Input section start

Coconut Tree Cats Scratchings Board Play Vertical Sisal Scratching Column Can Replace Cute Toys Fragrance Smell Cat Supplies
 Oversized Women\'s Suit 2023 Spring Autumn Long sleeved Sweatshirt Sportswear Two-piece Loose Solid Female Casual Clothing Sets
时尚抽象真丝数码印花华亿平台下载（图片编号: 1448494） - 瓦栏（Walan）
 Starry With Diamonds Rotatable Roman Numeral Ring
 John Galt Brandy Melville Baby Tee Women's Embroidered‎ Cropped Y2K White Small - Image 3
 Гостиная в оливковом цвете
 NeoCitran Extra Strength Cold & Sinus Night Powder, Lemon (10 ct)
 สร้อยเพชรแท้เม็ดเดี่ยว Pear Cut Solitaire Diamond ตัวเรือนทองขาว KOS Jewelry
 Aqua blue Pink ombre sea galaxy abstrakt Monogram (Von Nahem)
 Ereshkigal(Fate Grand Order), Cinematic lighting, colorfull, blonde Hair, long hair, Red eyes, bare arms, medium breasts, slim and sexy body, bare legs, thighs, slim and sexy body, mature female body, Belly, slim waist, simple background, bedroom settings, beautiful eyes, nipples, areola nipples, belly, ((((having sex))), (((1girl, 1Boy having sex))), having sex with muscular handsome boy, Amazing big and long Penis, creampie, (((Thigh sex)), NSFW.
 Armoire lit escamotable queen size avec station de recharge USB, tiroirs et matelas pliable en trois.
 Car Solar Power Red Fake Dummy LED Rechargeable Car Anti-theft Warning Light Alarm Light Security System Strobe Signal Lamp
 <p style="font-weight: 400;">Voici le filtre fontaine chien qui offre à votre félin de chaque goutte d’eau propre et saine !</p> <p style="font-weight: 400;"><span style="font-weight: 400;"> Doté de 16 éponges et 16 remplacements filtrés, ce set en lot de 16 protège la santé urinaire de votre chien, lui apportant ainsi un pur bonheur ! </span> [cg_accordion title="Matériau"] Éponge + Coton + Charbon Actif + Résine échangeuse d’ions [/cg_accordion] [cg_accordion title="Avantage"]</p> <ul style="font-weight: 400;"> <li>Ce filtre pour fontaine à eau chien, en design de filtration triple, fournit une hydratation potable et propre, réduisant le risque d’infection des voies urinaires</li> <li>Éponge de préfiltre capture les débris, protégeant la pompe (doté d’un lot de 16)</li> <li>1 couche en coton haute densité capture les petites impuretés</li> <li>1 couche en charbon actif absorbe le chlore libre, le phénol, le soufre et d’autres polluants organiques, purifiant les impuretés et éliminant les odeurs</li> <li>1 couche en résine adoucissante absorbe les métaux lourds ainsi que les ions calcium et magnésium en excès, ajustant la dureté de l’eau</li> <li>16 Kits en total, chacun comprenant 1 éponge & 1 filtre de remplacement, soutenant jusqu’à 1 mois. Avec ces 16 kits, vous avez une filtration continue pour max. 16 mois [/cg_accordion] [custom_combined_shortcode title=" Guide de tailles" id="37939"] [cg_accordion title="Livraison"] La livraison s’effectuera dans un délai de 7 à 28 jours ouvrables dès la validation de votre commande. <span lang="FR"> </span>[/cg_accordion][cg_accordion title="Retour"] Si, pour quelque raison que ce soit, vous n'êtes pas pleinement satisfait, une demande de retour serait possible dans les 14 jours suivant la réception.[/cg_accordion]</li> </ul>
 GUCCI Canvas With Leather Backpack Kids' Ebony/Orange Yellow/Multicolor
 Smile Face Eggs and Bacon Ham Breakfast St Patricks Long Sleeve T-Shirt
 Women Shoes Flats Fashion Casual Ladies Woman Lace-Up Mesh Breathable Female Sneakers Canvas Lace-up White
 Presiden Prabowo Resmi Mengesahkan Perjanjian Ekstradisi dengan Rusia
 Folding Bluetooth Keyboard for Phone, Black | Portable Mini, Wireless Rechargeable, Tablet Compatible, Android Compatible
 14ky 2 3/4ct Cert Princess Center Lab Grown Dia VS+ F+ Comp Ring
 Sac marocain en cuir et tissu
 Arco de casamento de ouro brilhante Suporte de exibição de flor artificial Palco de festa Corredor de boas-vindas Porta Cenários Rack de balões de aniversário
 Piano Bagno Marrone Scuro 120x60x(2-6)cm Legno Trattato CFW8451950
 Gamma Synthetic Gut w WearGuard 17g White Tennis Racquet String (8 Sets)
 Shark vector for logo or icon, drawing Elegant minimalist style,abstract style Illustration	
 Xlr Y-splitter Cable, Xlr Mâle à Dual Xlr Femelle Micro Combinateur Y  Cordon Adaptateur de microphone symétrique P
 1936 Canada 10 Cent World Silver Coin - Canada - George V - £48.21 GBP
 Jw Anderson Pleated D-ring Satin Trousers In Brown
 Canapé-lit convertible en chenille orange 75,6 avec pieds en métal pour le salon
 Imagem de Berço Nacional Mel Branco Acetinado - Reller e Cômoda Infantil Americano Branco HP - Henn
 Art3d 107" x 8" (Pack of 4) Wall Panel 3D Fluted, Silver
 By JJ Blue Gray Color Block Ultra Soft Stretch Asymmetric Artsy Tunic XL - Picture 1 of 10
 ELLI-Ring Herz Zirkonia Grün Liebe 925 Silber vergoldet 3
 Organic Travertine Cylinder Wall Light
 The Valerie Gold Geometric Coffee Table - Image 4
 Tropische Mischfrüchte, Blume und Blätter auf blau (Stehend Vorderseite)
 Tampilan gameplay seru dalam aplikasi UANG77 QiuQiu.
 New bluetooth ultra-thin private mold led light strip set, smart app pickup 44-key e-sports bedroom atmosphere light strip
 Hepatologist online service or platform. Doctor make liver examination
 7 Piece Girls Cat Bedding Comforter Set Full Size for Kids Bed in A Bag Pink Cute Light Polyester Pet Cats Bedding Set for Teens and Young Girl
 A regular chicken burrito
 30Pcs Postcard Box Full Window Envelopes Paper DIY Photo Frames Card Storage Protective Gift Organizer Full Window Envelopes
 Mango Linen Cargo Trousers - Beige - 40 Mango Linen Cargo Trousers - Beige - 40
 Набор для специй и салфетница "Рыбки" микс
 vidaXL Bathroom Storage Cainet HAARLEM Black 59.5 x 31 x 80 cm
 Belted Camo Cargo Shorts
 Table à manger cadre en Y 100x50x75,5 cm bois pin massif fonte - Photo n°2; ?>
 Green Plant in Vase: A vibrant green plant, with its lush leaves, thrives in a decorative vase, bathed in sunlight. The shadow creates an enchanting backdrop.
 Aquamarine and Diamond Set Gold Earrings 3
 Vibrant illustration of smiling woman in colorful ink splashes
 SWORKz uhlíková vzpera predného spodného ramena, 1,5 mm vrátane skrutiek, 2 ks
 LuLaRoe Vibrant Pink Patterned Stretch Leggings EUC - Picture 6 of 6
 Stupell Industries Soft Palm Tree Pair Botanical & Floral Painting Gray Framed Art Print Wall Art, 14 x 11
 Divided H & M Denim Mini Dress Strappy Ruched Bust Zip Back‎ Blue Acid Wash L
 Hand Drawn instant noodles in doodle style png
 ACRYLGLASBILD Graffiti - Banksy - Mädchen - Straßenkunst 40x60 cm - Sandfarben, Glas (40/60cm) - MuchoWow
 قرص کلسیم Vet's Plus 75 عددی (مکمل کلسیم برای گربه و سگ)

Input section end

Try it
Give all the records again. Match them exactly.

Output for this task
Coconut Tree Cats Scratchings Board Play Vertical Sisal Scratching Column Can Replace Cute Toys Fragrance Smell Cat Supplies
 Oversized Women\'s Suit 2023 Spring Autumn Long sleeved Sweatshirt Sportswear Two-piece Loose Solid Female Casual Clothing Sets
时尚抽象真丝数码印花华亿平台下载（图片编号: 1448494） - 瓦栏（Walan）
 Starry With Diamonds Rotatable Roman Numeral Ring
 John Galt Brandy Melville Baby Tee Women's Embroidered‎ Cropped Y2K White Small - Image 3
 Гостиная в оливковом цвете
 NeoCitran Extra Strength Cold & Sinus Night Powder, Lemon (10 ct)
 สร้อยเพชรแท้เม็ดเดี่ยว Pear Cut Solitaire Diamond ตัวเรือนทองขาว KOS Jewelry
 Aqua blue Pink ombre sea galaxy abstrakt Monogram (Von Nahem)
 Ereshkigal(Fate Grand Order), Cinematic lighting, colorfull, blonde Hair, long hair, Red eyes, bare arms, medium breasts, slim and sexy body, bare legs, thighs, slim and sexy body, mature female body, Belly, slim waist, simple background, bedroom settings, beautiful eyes, nipples, areola nipples, belly, ((((having sex))), (((1girl, 1Boy having sex))), having sex with muscular handsome boy, Amazing big and long Penis, creampie, (((Thigh sex)), NSFW.
 Armoire lit escamotable queen size avec station de recharge USB, tiroirs et matelas pliable en trois.
 Car Solar Power Red Fake Dummy LED Rechargeable Car Anti-theft Warning Light Alarm Light Security System Strobe Signal Lamp
 <p style="font-weight: 400;">Voici le filtre fontaine chien qui offre à votre félin de chaque goutte d’eau propre et saine !</p> <p style="font-weight: 400;"><span style="font-weight: 400;"> Doté de 16 éponges et 16 remplacements filtrés, ce set en lot de 16 protège la santé urinaire de votre chien, lui apportant ainsi un pur bonheur ! </span> [cg_accordion title="Matériau"] Éponge + Coton + Charbon Actif + Résine échangeuse d’ions [/cg_accordion] [cg_accordion title="Avantage"]</p> <ul style="font-weight: 400;"> <li>Ce filtre pour fontaine à eau chien, en design de filtration triple, fournit une hydratation potable et propre, réduisant le risque d’infection des voies urinaires</li> <li>Éponge de préfiltre capture les débris, protégeant la pompe (doté d’un lot de 16)</li> <li>1 couche en coton haute densité capture les petites impuretés</li> <li>1 couche en charbon actif absorbe le chlore libre, le phénol, le soufre et d’autres polluants organiques, purifiant les impuretés et éliminant les odeurs</li> <li>1 couche en résine adoucissante absorbe les métaux lourds ainsi que les ions calcium et magnésium en excès, ajustant la dureté de l’eau</li> <li>16 Kits en total, chacun comprenant 1 éponge & 1 filtre de remplacement, soutenant jusqu’à 1 mois. Avec ces 16 kits, vous avez une filtration continue pour max. 16 mois [/cg_accordion] [custom_combined_shortcode title=" Guide de tailles" id="37939"] [cg_accordion title="Livraison"] La livraison s’effectuera dans un délai de 7 à 28 jours ouvrables dès la validation de votre commande. <span lang="FR"> </span>[/cg_accordion][cg_accordion title="Retour"] Si, pour quelque raison que ce soit, vous n'êtes pas pleinement satisfait, une demande de retour serait possible dans les 14 jours suivant la réception.[/cg_accordion]</li> </ul>
 GUCCI Canvas With Leather Backpack Kids' Ebony/Orange Yellow/Multicolor
 Smile Face Eggs and Bacon Ham Breakfast St Patricks Long Sleeve T-Shirt
 Women Shoes Flats Fashion Casual Ladies Woman Lace-Up Mesh Breathable Female Sneakers Canvas Lace-up White
 Presiden Prabowo Resmi Mengesahkan Perjanjian Ekstradisi dengan Rusia
 Folding Bluetooth Keyboard for Phone, Black | Portable Mini, Wireless Rechargeable, Tablet Compatible, Android Compatible
 14ky 2 3/4ct Cert Princess Center Lab Grown Dia VS+ F+ Comp Ring
 Sac marocain en cuir et tissu
 Arco de casamento de ouro brilhante Suporte de exibição de flor artificial Palco de festa Corredor de boas-vindas Porta Cenários Rack de balões de aniversário
 Piano Bagno Marrone Scuro 120x60x(2-6)cm Legno Trattato CFW8451950
 Gamma Synthetic Gut w WearGuard 17g White Tennis Racquet String (8 Sets)
 Shark vector for logo or icon, drawing Elegant minimalist style,abstract style Illustration	
 Xlr Y-splitter Cable, Xlr Mâle à Dual Xlr Femelle Micro Combinateur Y  Cordon Adaptateur de microphone symétrique P
 1936 Canada 10 Cent World Silver Coin - Canada - George V - £48.21 GBP
 Jw Anderson Pleated D-ring Satin Trousers In Brown
 Canapé-lit convertible en chenille orange 75,6 avec pieds en métal pour le salon
 Imagem de Berço Nacional Mel Branco Acetinado - Reller e Cômoda Infantil Americano Branco HP - Henn
 Art3d 107" x 8" (Pack of 4) Wall Panel 3D Fluted, Silver
 By JJ Blue Gray Color Block Ultra Soft Stretch Asymmetric Artsy Tunic XL - Picture 1 of 10
 ELLI-Ring Herz Zirkonia Grün Liebe 925 Silber vergoldet 3
 Organic Travertine Cylinder Wall Light
 The Valerie Gold Geometric Coffee Table - Image 4
 Tropische Mischfrüchte, Blume und Blätter auf blau (Stehend Vorderseite)
 Tampilan gameplay seru dalam aplikasi UANG77 QiuQiu.
 New bluetooth ultra-thin private mold led light strip set, smart app pickup 44-key e-sports bedroom atmosphere light strip
 Hepatologist online service or platform. Doctor make liver examination
 7 Piece Girls Cat Bedding Comforter Set Full Size for Kids Bed in A Bag Pink Cute Light Polyester Pet Cats Bedding Set for Teens and Young Girl
 A regular chicken burrito
 30Pcs Postcard Box Full Window Envelopes Paper DIY Photo Frames Card Storage Protective Gift Organizer Full Window Envelopes
 Mango Linen Cargo Trousers - Beige - 40 Mango Linen Cargo Trousers - Beige - 40
 Набор для специй и салфетница "Рыбки" микс
 vidaXL Bathroom Storage Cainet HAARLEM Black 59.5 x 31 x 80 cm
 Belted Camo Cargo Shorts
 Table à manger cadre en Y 100x50x75,5 cm bois pin massif fonte - Photo n°2; ?>
 Green Plant in Vase: A vibrant green plant, with its lush leaves, thrives in a decorative vase, bathed in sunlight. The shadow creates an enchanting backdrop.
 Aquamarine and Diamond Set Gold Earrings 3
 Vibrant illustration of smiling woman in colorful ink splashes
 SWORKz uhlíková vzpera predného spodného ramena, 1,5 mm vrátane skrutiek, 2 ks
 LuLaRoe Vibrant Pink Patterned Stretch Leggings EUC - Picture 6 of 6
 Stupell Industries Soft Palm Tree Pair Botanical & Floral Painting Gray Framed Art Print Wall Art, 14 x 11
 Divided H & M Denim Mini Dress Strappy Ruched Bust Zip Back‎ Blue Acid Wash L
 Hand Drawn instant noodles in doodle style png
 ACRYLGLASBILD Graffiti - Banksy - Mädchen - Straßenkunst 40x60 cm - Sandfarben, Glas (40/60cm) - MuchoWow
 قرص کلسیم Vet's Plus 75 عددی (مکمل کلسیم برای گربه و سگ)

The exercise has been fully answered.